Deleted Google API keys can still be used to access resources due to a delay in deactivation, creating a window for exploitation, aikido.dev reports.

Deleted Google API keys remain active for an unspecified period, allowing continued access to cloud resources despite removal attempts [aikido.dev]. Security researchers at aikido.dev demonstrated the flaw by deleting keys and successfully using them afterward, proving a real exploitation window exists. Google does not disclose the exact duration keys stay active post-deletion, leaving engineers unable to accurately assess exposure [aikido.dev].

The delay is likely due to caching or propagation lag across Google’s infrastructure, but the lack of transparency prevents teams from timing revocations effectively. This is especially dangerous during incident response, when immediate key deactivation is critical. Organizations using Google Cloud Platform for services like Maps, AI APIs, or storage may face unauthorized access if attackers recover recently deleted keys from logs, client-side code, or memory dumps.

Google’s documentation does not warn developers about this delay, creating a false sense of security after key deletion.
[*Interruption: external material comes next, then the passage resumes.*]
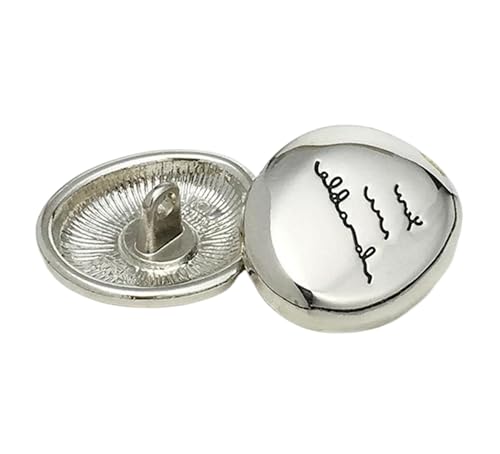 10 Stück Knöpfe, goldene Metallknöpfe für Mäntel und Pullover, Farbe 2-10 Stück, 15mm 10 Stück Knöpfe, goldene Metallknöpfe für Mäntel und Pullover, Farbe 2-10 Stück, 15mm von Mtjujuswo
While API keys are meant for low-risk access control, many teams use them in high-privilege contexts—increasing the impact of misuse.

Why it matters:

• Attackers can exploit the gap between deletion and deactivation to maintain access, even after revocation. • Incident response protocols that assume immediate key invalidation are compromised. • Google’s silence on the timeline prevents accurate risk modeling for cloud security teams.